EXERCISE PROMPT: Every line of the data should be written out exactly, with the pictures left out.
***** DATA BLOCK
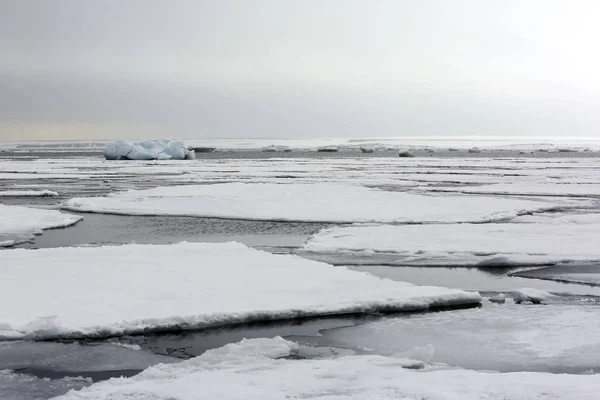 Ice Floes Water Spitsbergen Svalbard Norway — Stock Photo, Image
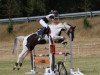 jumper Hahnenhofs Rockadera (Zangersheide riding horse, 2016, from Hahnenhofs Rox du Rouet)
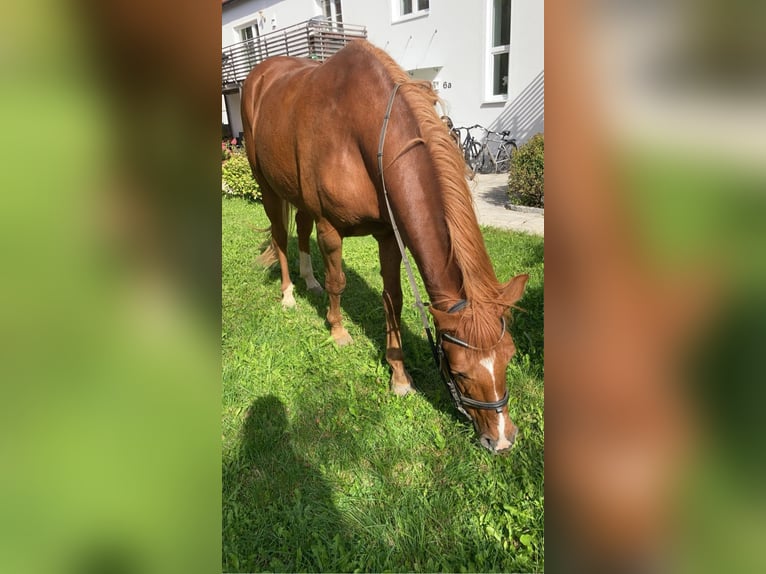 Andaluces Caballo castrado 12 años 165 cm Alazán in Alling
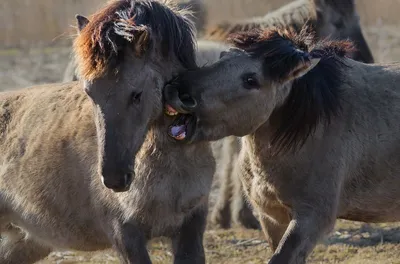 Скачки и объездка диких лошадей на Горном Алтае // Конные забавы - YouTube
**********
SOLUTION:
 Ice Floes Water Spitsbergen Svalbard Norway — Stock Photo, Image
 jumper Hahnenhofs Rockadera (Zangersheide riding horse, 2016, from Hahnenhofs Rox du Rouet)
 Andaluces Caballo castrado 12 años 165 cm Alazán in Alling
 Скачки и объездка диких лошадей на Горном Алтае // Конные забавы - YouTube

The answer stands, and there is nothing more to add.